まだそれほど深くないとはいえ雪道となってしまった帰路を、滑って転んでしまわないよう注意しながら踏みしめていく。
ひとり残してきたあのクッキーも、同じように白に覆いつくされてしまっただろうか。
「ミルク味クッキー、……あの、やっぱり」
しばらくして。急に歩みを止めたミルク味クッキーのちょうど後ろを歩いていたイチゴ味クッキーが声を掛けてくるが、途中で言葉を詰まらせてしまう。優しいクッキーのその想いに応えるよう目線を合わせてからミルク味クッキーは微笑み、ピンクのフードを被った小さな頭をそっと撫でた。
「実は忘れものを。でも、すぐに追いつくので大丈夫です」
「忘れもの……? ううん、すぐに来てね。紅イモ味クッキーが本当に怒っちゃうわ」
不思議そうに首を傾げたイチゴ味クッキーだったが、ミルク味クッキーの表情が明るいままなのを見て、あまり深く考えないようにしたようだ。気を付けてねと一言だけ付け加えると、再び前を向き歩み始めた。ふたりのやりとりを見ていた他のクッキー達も同様に、ミルク味クッキーに余計な声は掛けずに先へ進んでいく。一癖も二癖もあるものも多いが、優しいクッキー達ばかりだ。仲間達の背中を見送りながら、ミルク味クッキーは誇らしく思った。
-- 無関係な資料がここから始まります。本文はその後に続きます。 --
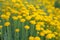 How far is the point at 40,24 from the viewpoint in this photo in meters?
2.75

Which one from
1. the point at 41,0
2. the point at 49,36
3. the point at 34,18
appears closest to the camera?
the point at 49,36

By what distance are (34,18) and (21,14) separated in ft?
0.67

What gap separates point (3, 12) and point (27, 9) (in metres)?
0.38

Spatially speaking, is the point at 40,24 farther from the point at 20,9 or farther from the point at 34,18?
the point at 20,9

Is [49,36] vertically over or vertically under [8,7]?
under

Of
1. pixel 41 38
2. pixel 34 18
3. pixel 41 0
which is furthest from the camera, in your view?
pixel 41 0

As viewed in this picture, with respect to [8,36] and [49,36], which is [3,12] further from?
[49,36]

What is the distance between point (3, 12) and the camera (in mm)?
2963

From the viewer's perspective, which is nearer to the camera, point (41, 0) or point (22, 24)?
point (22, 24)

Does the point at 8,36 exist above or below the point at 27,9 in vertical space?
below

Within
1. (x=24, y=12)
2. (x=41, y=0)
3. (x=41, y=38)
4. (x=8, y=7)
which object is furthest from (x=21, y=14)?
(x=41, y=0)

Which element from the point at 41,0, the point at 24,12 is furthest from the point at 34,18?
the point at 41,0

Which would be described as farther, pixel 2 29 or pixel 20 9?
pixel 20 9

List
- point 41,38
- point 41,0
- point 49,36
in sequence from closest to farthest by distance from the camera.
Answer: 1. point 49,36
2. point 41,38
3. point 41,0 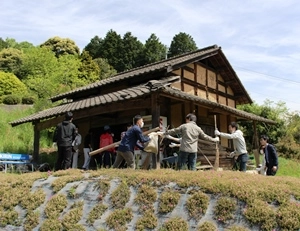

そうして最後尾の仲間の後ろ姿がほとんど見えなくなると、ミルク味クッキーは歩いてきたばかりの道を振り返った。複数の足跡を隠してしまうかのように、雪は勢いよく降り続いている。少し前まで壮絶な戦いを繰り広げたあの場所は、ここからだともう見えない。だけど、ここからで充分だ。
ミルク味クッキーは憧れのクッキーの名を口にする。
幼いミルク味クッキーと約束をした彼の英雄は、あの日、白い世界へ消えるようにして旅立っていった。
そして今日、再び白い世界に消えたあのクッキーへと届くよう、ミルク味クッキーは大きな声で告げる。
「――今度会う時までに、僕はもっと強く、立派になってみせますからね!」
(by sakae)
END
(21-02-15初出)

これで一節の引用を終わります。